The adulation Custer received gave him a far different life experience from anything known to Crazy Horse. As a shirt-wearer, Crazy Horse had approximately the same status among Indian warriors as Custer did with white soldiers, but nothing remotely like the praise, honors, and privileges Custer enjoyed. White society fed the egos of its leaders, constantly telling them how great they were. White leaders stood out, above and beyond ordinary folk. In the most notable cases, such as Custer’s, they became heroes. Lesser leaders and the public fawned upon them, politicians flocked around them in the hope of catching some of their glory, and the newspapers reported on their every move.

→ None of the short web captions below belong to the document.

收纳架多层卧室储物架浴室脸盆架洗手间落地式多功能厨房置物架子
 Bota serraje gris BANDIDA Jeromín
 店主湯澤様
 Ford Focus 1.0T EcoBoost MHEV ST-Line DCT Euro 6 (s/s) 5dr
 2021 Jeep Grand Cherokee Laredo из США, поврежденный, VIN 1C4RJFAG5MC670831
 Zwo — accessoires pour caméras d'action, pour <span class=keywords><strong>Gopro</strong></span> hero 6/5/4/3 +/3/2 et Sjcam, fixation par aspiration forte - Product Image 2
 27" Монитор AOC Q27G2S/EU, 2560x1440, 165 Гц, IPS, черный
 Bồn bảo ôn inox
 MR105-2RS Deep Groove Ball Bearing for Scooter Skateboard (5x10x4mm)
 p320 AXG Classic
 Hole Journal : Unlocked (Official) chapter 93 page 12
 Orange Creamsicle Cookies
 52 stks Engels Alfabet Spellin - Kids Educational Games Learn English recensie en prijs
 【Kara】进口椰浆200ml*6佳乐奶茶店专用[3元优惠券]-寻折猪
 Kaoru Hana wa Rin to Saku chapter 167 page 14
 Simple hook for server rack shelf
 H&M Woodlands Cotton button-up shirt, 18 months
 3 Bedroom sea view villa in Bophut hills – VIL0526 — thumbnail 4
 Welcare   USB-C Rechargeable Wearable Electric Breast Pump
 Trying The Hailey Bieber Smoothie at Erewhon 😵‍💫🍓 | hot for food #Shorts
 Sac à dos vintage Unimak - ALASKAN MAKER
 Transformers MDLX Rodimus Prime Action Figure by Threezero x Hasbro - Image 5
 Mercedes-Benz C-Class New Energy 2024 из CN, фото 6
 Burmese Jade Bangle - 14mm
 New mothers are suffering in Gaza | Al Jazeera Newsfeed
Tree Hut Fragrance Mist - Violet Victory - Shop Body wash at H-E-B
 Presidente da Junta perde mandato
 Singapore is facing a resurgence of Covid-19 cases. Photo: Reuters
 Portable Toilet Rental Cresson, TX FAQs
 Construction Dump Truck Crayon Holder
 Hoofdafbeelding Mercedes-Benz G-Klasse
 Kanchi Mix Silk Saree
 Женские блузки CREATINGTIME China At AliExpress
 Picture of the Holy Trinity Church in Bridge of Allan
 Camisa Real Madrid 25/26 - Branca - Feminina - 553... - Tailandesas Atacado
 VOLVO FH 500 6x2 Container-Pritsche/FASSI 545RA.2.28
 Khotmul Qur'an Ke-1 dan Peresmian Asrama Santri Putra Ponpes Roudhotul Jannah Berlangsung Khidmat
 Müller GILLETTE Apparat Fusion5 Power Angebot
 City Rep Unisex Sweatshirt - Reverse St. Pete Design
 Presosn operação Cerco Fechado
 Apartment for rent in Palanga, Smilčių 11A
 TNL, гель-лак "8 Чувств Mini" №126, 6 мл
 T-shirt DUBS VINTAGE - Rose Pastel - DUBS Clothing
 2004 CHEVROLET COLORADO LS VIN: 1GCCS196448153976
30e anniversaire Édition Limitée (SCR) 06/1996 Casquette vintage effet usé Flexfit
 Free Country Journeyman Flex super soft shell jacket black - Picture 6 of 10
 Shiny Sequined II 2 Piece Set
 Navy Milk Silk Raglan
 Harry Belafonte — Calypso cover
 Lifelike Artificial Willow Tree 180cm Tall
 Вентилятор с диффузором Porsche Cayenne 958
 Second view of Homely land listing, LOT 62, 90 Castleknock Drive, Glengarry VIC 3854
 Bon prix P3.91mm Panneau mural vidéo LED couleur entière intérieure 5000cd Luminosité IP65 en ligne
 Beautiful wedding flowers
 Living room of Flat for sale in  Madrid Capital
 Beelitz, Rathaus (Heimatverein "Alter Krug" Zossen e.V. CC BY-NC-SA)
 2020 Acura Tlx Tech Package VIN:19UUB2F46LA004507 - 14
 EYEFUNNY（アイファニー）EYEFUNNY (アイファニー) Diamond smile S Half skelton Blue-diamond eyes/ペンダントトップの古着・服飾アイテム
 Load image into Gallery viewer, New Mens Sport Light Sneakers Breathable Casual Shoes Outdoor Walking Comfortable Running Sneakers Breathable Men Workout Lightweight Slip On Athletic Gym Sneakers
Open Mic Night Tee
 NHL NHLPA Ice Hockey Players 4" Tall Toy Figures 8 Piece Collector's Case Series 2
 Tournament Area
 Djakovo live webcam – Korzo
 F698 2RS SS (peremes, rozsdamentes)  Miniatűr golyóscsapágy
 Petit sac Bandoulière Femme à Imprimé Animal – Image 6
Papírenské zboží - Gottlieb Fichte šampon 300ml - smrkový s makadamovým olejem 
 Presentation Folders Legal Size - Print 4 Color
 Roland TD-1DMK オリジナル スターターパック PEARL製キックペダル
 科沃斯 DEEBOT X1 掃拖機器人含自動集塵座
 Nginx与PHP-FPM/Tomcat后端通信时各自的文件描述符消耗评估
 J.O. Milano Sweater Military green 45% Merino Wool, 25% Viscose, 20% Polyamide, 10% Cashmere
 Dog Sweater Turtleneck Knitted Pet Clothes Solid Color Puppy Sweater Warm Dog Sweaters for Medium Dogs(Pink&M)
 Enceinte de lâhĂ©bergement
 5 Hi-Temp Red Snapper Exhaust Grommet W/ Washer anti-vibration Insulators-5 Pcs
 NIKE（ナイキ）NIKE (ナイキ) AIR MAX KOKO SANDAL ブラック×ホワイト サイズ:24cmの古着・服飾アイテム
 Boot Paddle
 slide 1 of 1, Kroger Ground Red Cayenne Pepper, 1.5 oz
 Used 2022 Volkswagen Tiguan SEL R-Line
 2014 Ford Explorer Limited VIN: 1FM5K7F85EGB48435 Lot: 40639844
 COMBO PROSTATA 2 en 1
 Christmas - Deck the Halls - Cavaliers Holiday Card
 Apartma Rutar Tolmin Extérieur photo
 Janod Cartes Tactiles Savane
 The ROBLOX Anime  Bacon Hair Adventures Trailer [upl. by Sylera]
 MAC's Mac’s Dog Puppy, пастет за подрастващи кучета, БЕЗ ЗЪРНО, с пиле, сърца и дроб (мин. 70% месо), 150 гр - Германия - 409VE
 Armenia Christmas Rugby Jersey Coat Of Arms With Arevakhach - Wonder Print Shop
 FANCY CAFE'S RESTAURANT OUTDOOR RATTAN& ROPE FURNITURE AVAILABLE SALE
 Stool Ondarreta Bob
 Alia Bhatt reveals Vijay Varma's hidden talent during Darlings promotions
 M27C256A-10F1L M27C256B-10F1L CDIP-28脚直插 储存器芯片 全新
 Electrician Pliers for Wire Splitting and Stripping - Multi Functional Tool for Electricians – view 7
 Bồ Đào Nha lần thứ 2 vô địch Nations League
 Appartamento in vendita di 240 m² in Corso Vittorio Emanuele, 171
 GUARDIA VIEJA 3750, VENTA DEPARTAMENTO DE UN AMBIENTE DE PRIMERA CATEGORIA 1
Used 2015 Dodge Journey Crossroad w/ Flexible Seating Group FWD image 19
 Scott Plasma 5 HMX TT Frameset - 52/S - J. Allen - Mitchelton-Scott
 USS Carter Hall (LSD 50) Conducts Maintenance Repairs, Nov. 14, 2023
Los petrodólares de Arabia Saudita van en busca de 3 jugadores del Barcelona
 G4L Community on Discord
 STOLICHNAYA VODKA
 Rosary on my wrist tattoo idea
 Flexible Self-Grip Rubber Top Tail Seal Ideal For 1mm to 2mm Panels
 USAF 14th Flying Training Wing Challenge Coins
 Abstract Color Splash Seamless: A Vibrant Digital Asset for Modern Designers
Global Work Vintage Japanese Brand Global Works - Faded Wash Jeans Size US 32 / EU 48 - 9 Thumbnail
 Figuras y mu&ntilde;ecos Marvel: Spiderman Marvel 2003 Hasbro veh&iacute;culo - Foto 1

One result was that the heroes came to objectify themselves, to confuse their public image with reality. Their “careers” came to be something beyond themselves, something “out there” to be encouraged, bolstered, or extended. In the summer of 1864, for the first time, Custer began writing about “my career” and enlisting the aid of others to help him advance it. Libbie, who lived in a fashionable boardinghouse in Washington when Custer was on campaign, was a great help. She told her parents of meeting Speaker of the House Schuyler Colfax at a White House reception. Colfax said, “I have been wishing to be presented to this lady, but am disappointed she is a Mrs.!” Libbie smiled, took his arm, and chatted away. At the
capitol a month later, she reported to her husband, she “met Speaker Colfax and Oh he said lovely things about you.” Two weeks later Colfax began to push Custer for a promotion, prompting Custer to write, “Mr. Colfax’s note was certainly complimentary and it affords me great pleasure that so able and deservedly honored a man should be at all interested in my career.”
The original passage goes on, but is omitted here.